Monday, 6 May 2013

abbey road

While the others went to London Zoo on this bank holiday, I did the thing at the top of my 'London things I still haven't done' list, and after twenty-three years here finally went up to Abbey Road. It's fascinating. There is a live webcam on the Abbey Road Studios website where at all times you can watch people crossing and taking photos of people crossing the zebra crossing from the cover of Abbey Road - once you start watching it's hard to tear your eyes off it. (Although in fact it's not the crossing, exactly, because sometime between then and now they moved it a few metres south).

The wall outside the studio (which has a smaller street-front than you'd expect, and a plaque to Edward Elgar on it) - and outside the unfortunate block next door - is covered with graffiti, which is cleaned off every few months. You can see where the webcam is, in the studio car park, and stand at the studio gates and wave at it. Whether you do that or not, once you've done your crossing you can go onto the website where they keep hourly archives (for that day only, it looks like) and then take a still of yourself and download or upload it. I found myself (about ten to and five past ten), but don't think I'd have known it was me if I hadn't known it was me; cctv footage of a terror suspect is what it put me in mind of.

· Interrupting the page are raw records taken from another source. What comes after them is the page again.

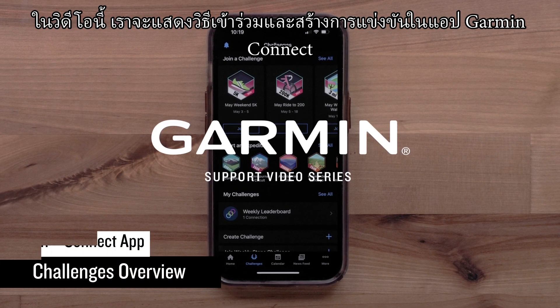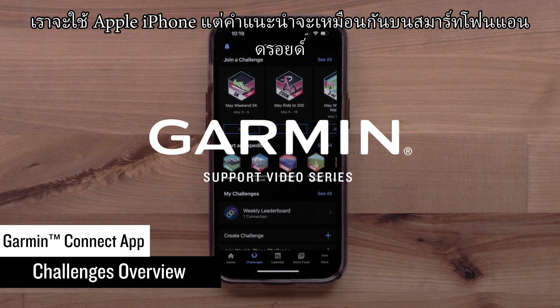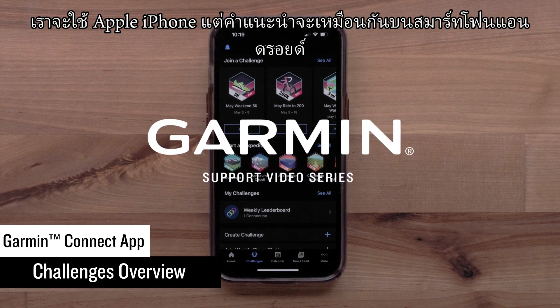In this video, we will show you how to join and create challenges in the Garmin Connect app. We will be using an Apple iPhone, but instructions are the same on Android smartphones.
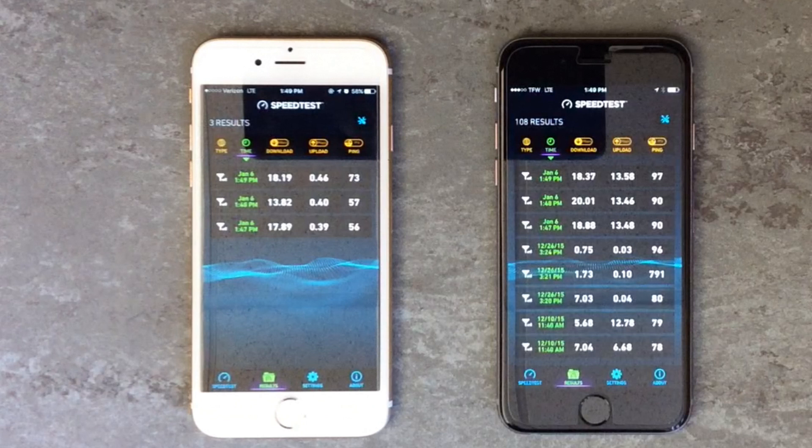Let's take a look at the speed test results from the Straight Talk ATT network. Starting with the first test, we had a download speed of 18.88 megabits per second, an upload speed of 13.48 megabits per second, and a ping time of 90 milliseconds. For the second test, we had a download speed of 20.01 megabits per second, an upload speed of 13.46 megabits per second, and a ping time of 90 milliseconds. For the third and final test, we had a download speed of 18.37 megabits per second, an upload speed of 13.58 megabits per second, and a ping time of 90 milliseconds.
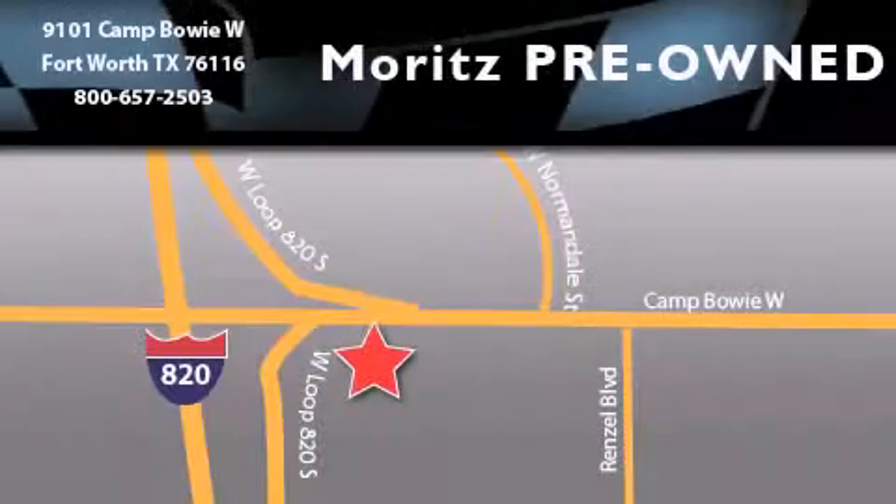Moritz Chevrolet Chrysler Jeep Dodge is located at 9101 Camp Bowie in Fort Worth. Our goal is to exceed all of your expectations to ensure that you'll return for future visits.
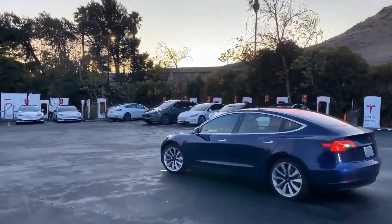Electric vehicles have arrived, but there's still a problem with charging. Availability, reliability and cost are big issues, and the world needs millions more charging spaces.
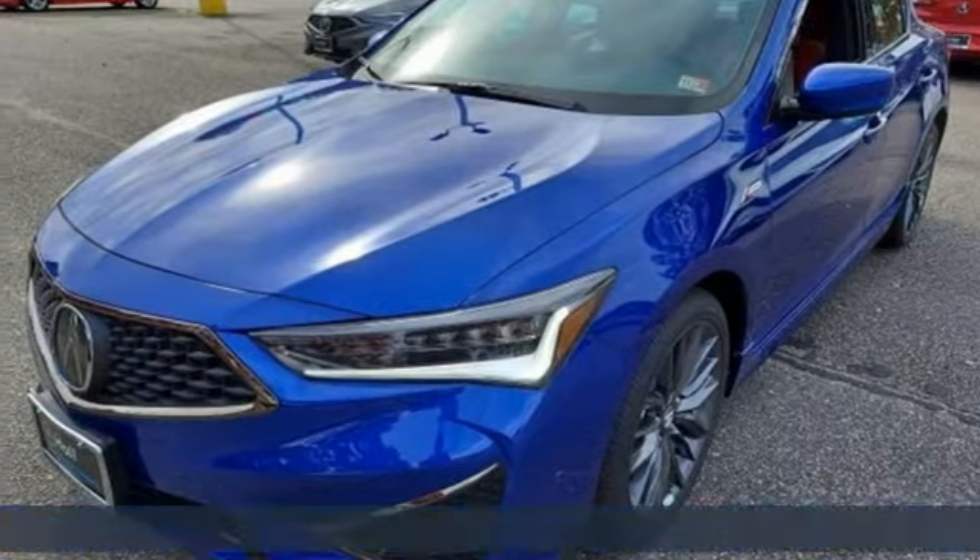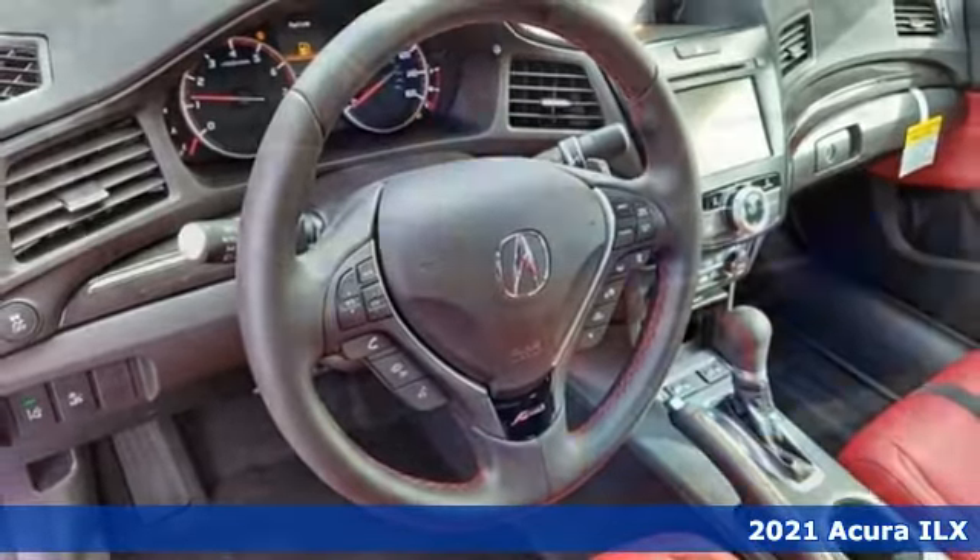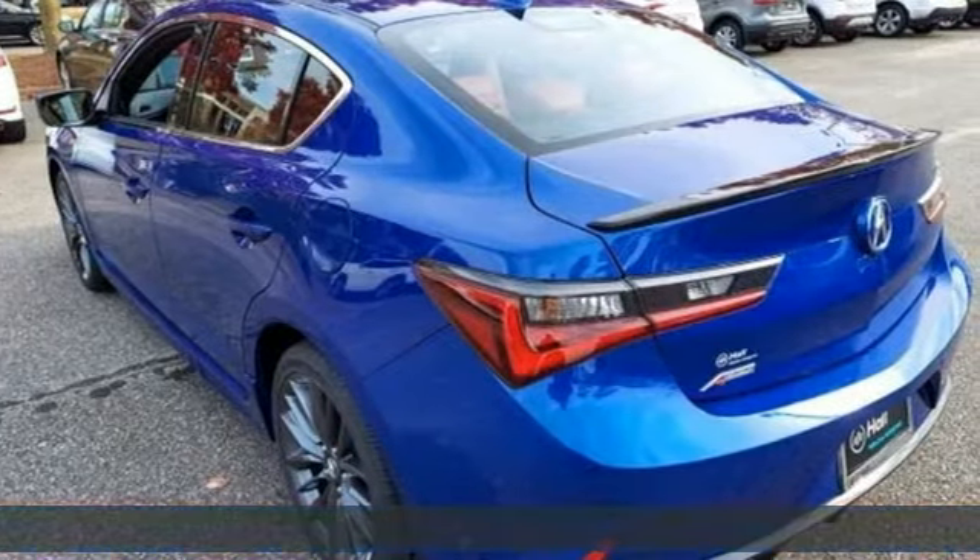Here's a new 2021 Acura ILX. When you're driven, the road ahead starts with this ILX. It's equipped for all your driving needs and wants.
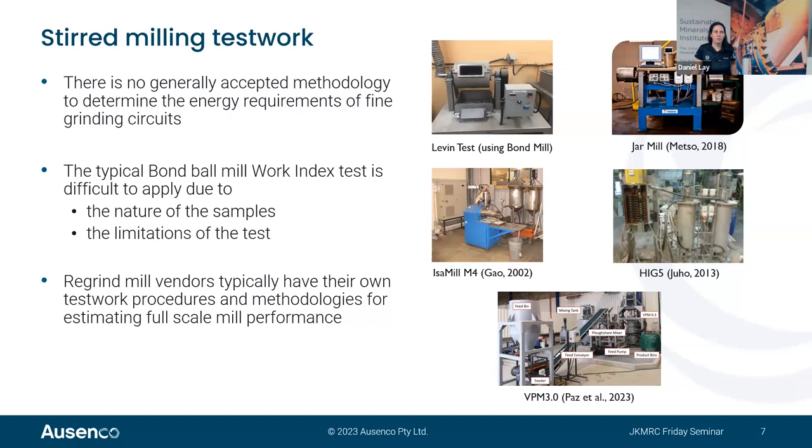The biggest stirred mill currently available is approximately 6,500 kilowatts — a vertical HIG-mill. There is also a quite large IsaMill M50000, but it hasn't been installed yet and no client has shown appetite for it. There's no obvious mechanical reason these mills can't go to eight or nine megawatts, as the diameter should not cause issues — it's more about understanding the stresses and limitations.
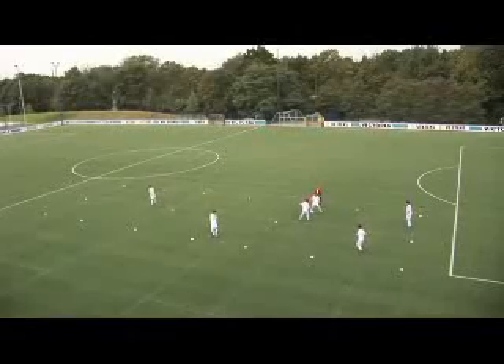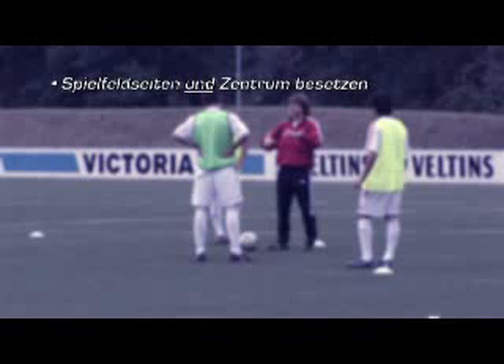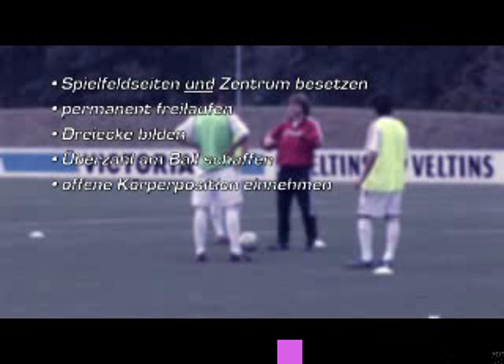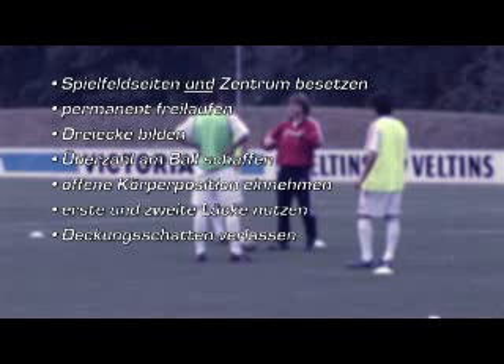Die wichtigsten Coaching-Punkte beim Training des Positionsspiels sind: Spielfeldseiten und Zentrum besetzen, permanent freilaufen, Dreiecke bilden, Überzahl am Ball schaffen, offene Körperposition einnehmen, erste und zweite Lücke nutzen, Deckungsschatten verlassen, Spiel verlagern.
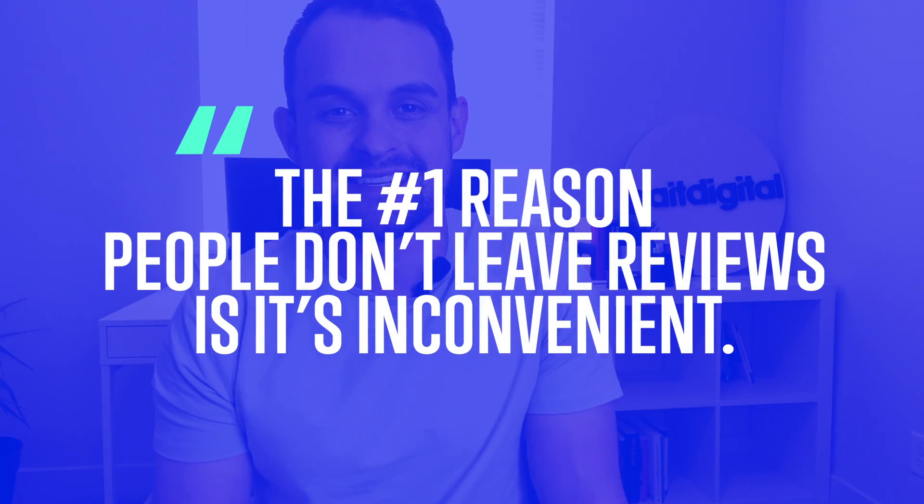The first part of this process is going to double the amount of reviews you're getting right now, and that is convenience. The number one reason people don't leave a review is that it's inconvenient. When I leave the dentist, the last thing I'm thinking about is opening my phone, searching Google, finding the listing, clicking the review button, and typing out a review. The only reviews you might be getting are negative ones, because that's when emotions take over and people make the effort.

Watching people, in the flesh and online, what strikes you most is how often the crossers either walk in a really exaggerated way or freeze, as if they're having their portrait taken by a Victorian photographer. Also, of course, you feel sorry for the traffic. Regarding the photographers, a few (fool-)hardy souls do go into the middle of the road for maximum accuracy, but it's striking how many people just take the photo from the pavement (mostly getting it right, looking north) and not the superior safe location of the monument at the road junction (which you can see in the centre rear of the webcam image and is where I spent most of my time, watching the show). The monument is a memorial to Edward Onslow Ford, an artist I was not familiar with; the sculpted figure - which was worth seeing - is, appropriately enough, of a muse.

Apart from the sculpture of the muse, my other favourite thing about the visit was the *other* zebra crossing, a minute up the road - poor, sad, neglected thing. I took some photos of it too; I felt like applauding the family I saw actually use it.